Our study was limited by a few factors. First, although our sample size was larger than some previous metabolomics studies on body fat distribution, we lacked the power to properly test for interaction by sex or to develop and validate diagnostic quantitative models for lipid accumulation. Because of this, the lack of statistically significant interactions by sex should not be interpreted as evidence of absence of differences in metabolite associations between men and women. Second, a large proportion of our female participants was peri- or postmenopausal. As menopause is associated with substantial metabolic changes including changes in visceral fat mass (Polotsky and Polotsky 2010), our results may not be extrapolated to a younger population. Third, the use of this specific metabolomics platform limited the selection of metabolites which we could investigate. However, an advantage of this platform is that it has been extensively validated and consists of a set of analytically and biologically well-defined metabolites. Fourth, we were not able to replicate our findings as there was no other readily available cohort with both Biocrates and 1H-MRS measurements of liver fat. Nevertheless, we showed that Biocrates metabolites have the potential to function as biomarkers of liver and visceral fat and encourage the use of replication cohorts in more extensive studies that aim to develop prediction models using metabolites. Strengths of our study are that we performed our analyses in a lipid or glucose lowering drug naive sample from a well phenotyped cohort with direct, quantitative measures of visceral and liver fat. Because of this, we could account for overall obesity by including total body fat in our models and assess which metabolites were specifically associated with quantitative measures of visceral fat or hepatic triglyceride content even after accounting for commonly used approximation methods.

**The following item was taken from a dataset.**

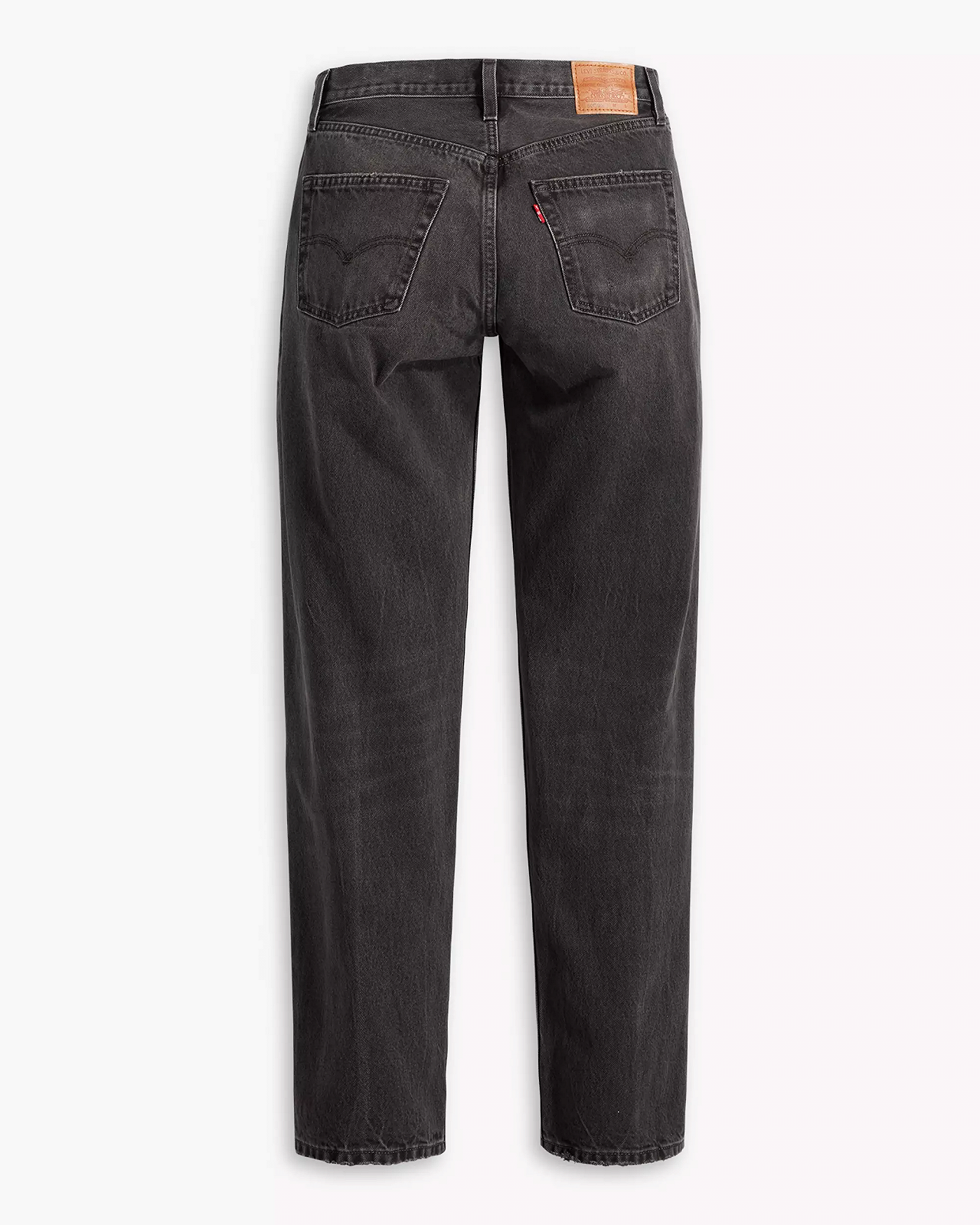 Женские джинсы Levis - 501 '90S Stitch School - Womens - 31, фото №6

In conclusion, we demonstrated specific associations of metabolites with visceral fat and hepatic triglyceride content that may be useful in diagnostic approaches of lipid accumulation in both locations. We encourage future studies to include enough participants to develop and validate diagnostic models containing metabolite data and to compare their diagnostic performance against currently used approximation methods. To determine if such approximation methods could also be useful for monitoring changes in visceral and liver fat content, we also recommend performing prospective studies with repeated measurements.